Diagnostic Test: Computerized tomography of the abdomen
Diagnostic Test: Endostomal three-dimensional ultrasonography
Diagnostic Test: Clinical examination
Diagnostic Test: Evaluation at laparotomy/laparoscopy

Study type

Interventional

Funder types

Other

Identifiers

Details and patient eligibility

About

The intention is to examine the role of ultrasonographic examination inside intestinal stomas in diagnosing parastomal hernia. Patients with a stoma since at least one year back who are being scheduled for abdominal surgery will be examined for eligibility according to the selection criteria. Included patients will undergo routine clinical examination, endostomal ultrasonography and computerized tomography scan of the abdomen. Findings will be correlated to findings during surgery (gold standard). Values for sensitivity, specificity, predictive values and likelihood ratio will be calculated.

Full description

Parastomal hernia (PSH) is one of the most common stoma complications, with an incidence of 30-50 % within just a couple of years of stoma creation.

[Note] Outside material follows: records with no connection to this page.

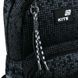 Рюкзак шкільний Kite Education Fearless K26-585M-3 K26-585M-3 фото 16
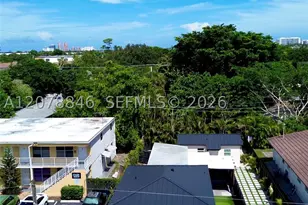 1332 NE 5th, Fort Lauderdale, FL 33304 - Photo 47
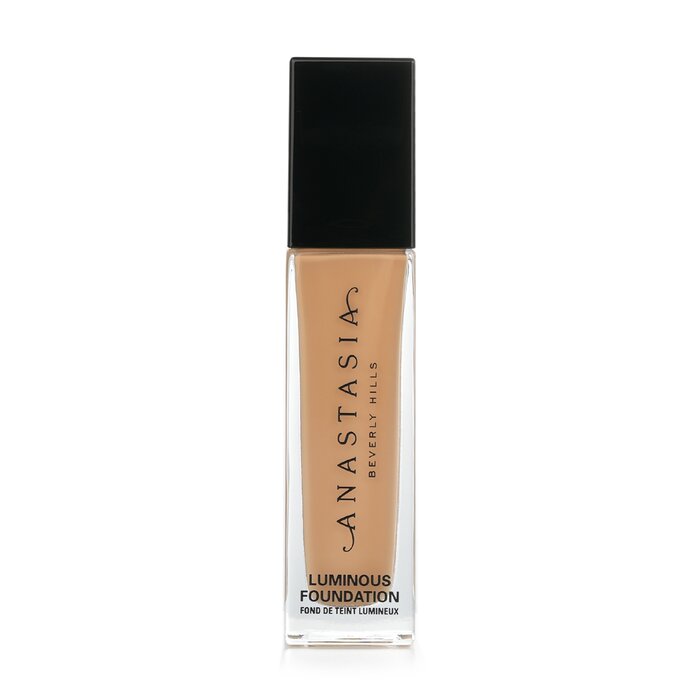 Anastasia Beverly Hills Luminous Foundation 30ml/1ozProduct Thumbnail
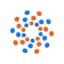 Evolution AI logo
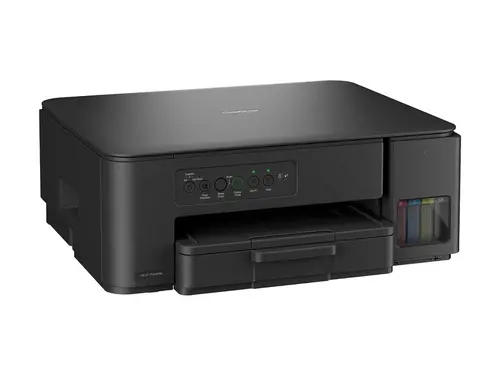 Πολυμηχάνημα inkjet, Brother DCP-T430WYJ1 Inkbenefit Plus Πολυμηχάνημα - 4
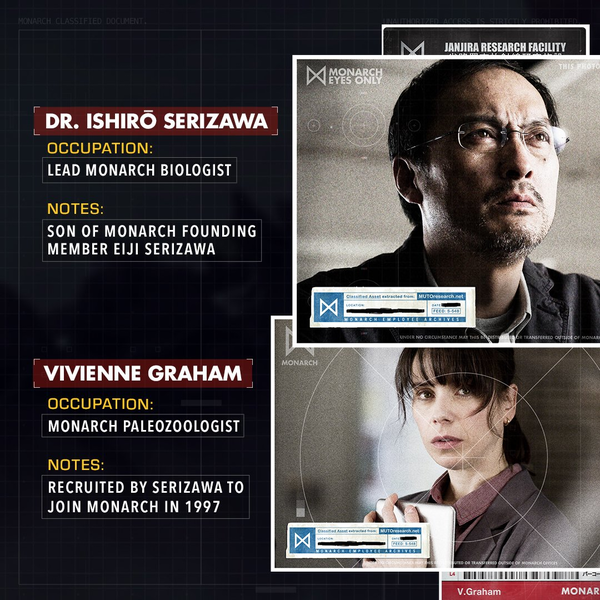 File:Serizawa and Graham personnel files.png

Surgical parastomal hernia repair is a morbid and complicated procedure, with a 30-day reoperation rate of 13 % and 30-day mortality rate of 6 % in population-based surveys. There is no established gold standard diagnostic modality. Routinely, patients are examined clinically in various positions with and without increased intra-abdominal pressure. It has been shown in previous studies that clinical examination has a very low inter-observer reliability. Computerized tomography is often performed in addition to clinical examination, but is not ideal in diagnosing PSH either, not only beacause of insufficient test characteristics but also since the examinations should ideally be performed with specific protocols, prone position and be reviewed by a dedicated radiologist. The risk of incorrectly diagnosing a PSH (false positive) is that patients might subsequently be exposed to complex and dangerous surgical interventions without any health benefit, while incorrectly ruling out a PSH (false negative) can cause the patient to have to live with potentially treatable symptoms, life-threatening bowel incarceration being the most severe potential complication.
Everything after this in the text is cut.